In conjunction with her composer husband, Nathan Woodard, she wrote musical plays, including Young Martin Luther King (originally entitled The Freedom Drum) in 1968 and Sea Island Song (1977).

===Newspaper columns===
Childress published more than thirty columns in the Paul Robeson-associated newspaper, Freedom. The tabloid monthly ran from 1950 through 1955, and in 1956 she published a collection of them in her novel Like One of the Family. The ones in the book are not always identical with the originals in the newspaper, as the latter often explored a theme discussed elsewhere in the issue. As an example of Childress's approach here, when the unconsciously racist employer asks for a health card from the book's protagonist Mildred, a Black domestic worker, Mildred pretends to be relieved, saying she had wondered how to ask for their own health cards from the family whose laundry she handles and whose beds she makes. The embarrassed employer backs off.

Also in association with Freedom, in 1952 Childress collaborated with Lorraine Hansberry, who had recently relocated to New York City and begun working at the paper. They co-wrote a pageant for Freedoms Negro History Festival, with Harry Belafonte, Sidney Poitier, Douglas Turner Ward and John O. Killens providing narration. Childress, sixteen years older than Hansberry, introduced the latter to the Black theatrical community of New York. This was Hansberry's earliest surviving theatrical work.

===Young adult books===
Alice Childress is also known for her young adult novels, among which are Those Other People (1989) and A Hero Ain't Nothin' but a Sandwich (1973). She adapted the latter as a screenplay for the 1977 feature film also entitled A Hero Ain't Nothin' but a Sandwich, starring Cicely Tyson and Paul Winfield.

==Personal life==
She had used the names Louise Henderson and Alice Herndon before her marriage in 1934 to actor Alvin Childress. The couple had a daughter together, Jean R. Childress, and divorced in 1957, when musician Nathan Woodard became her second husband.

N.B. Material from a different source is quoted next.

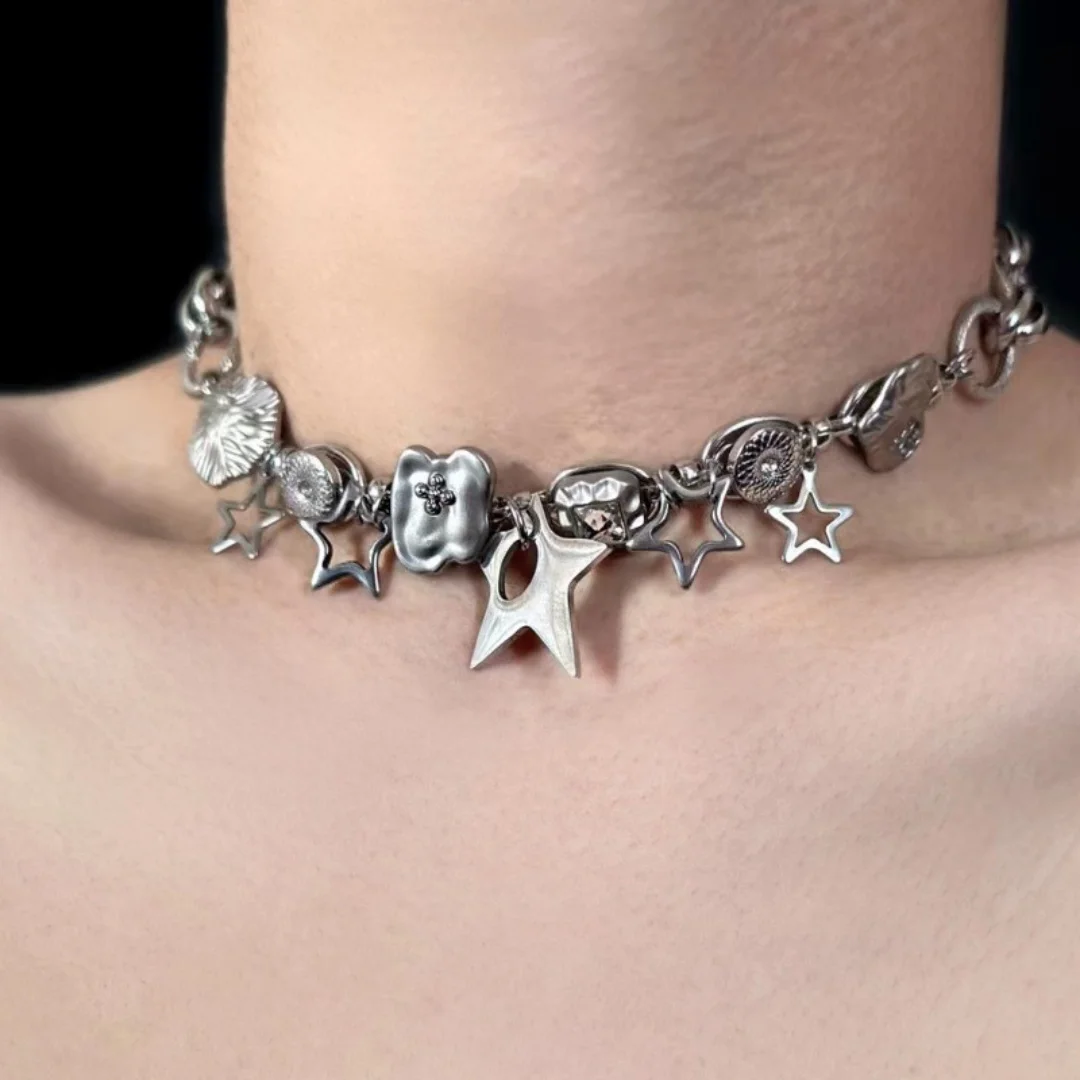 

DUTRIEUX New Trend Vintage Pendant Necklace Neo-Gothic Y2K Punk Choker for Women Men Couple Unisex Jewelry Chain Party Gifts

She died of cancer, aged 77, at Astoria General Hospital in Queens, New York. At the time of her death, she was working on a story about her African great-grandmother, Ani-Campbell, who had been a slave, and her Scots-Irish great-grandmother.

==Awards==
- Off-Broadway Magazine (Trouble in Mind), 1956
- ALA Best Young Adult Book of 1975 (for A Hero Ain't Nothin' but a Sandwich)
- Lewis Carroll Shelf Award (for A Hero Ain't Nothin' but a Sandwich)
- Jane Addams Children's Book Honor for a young adult novel (for A Hero Ain't Nothin' but a Sandwich)
- Paul Robeson Award for Outstanding Contributions to the Performing Arts, 1980
- Honorable Mention, Coretta Scott King Award, 1982
- What a Girl, 1985
- Drama Desk Award – Harold S. Prince Lifetime Achievement Award, 2022 (posthumous)

==Major works==

===Plays===
- Florence (1949)
- Just a Little Simple (1950)
- Gold Through the Trees (1952)
- Trouble in Mind (1955)
- Wedding Band: A Love/Hate Story in Black and White (1966)
- The Freedom Dream, later retitled Young Martin Luther King, Jr. (1968)
- String (1969)
- Wine in the Wilderness (1969)
- Mojo: A Black Love Story (1970)
- When the Rattlesnake Sounds (1975)
- Let's Hear It for the Queen (1976)
- Sea Island Song, later retitled Gullah (1977)
- Moms: A Praise Play for a Black Comedienne (1987)

===Novels===
- Like One of the Family (1956)
- A Hero Ain't Nothin' but a Sandwich (1973), which became a film of the same title in 1977.
- A Short Walk (1979)
- Rainbow Jordan (1981)
- Those Other People (1989)

==Trivia==
The song "Alice Childress" by the Ben Folds Five is not related to her. It is a coincidence that there was a woman with the same name who poured water on Ben Folds' wife at the time, Anna Goodman.

Childress was a member of Sigma Gamma Rho sorority.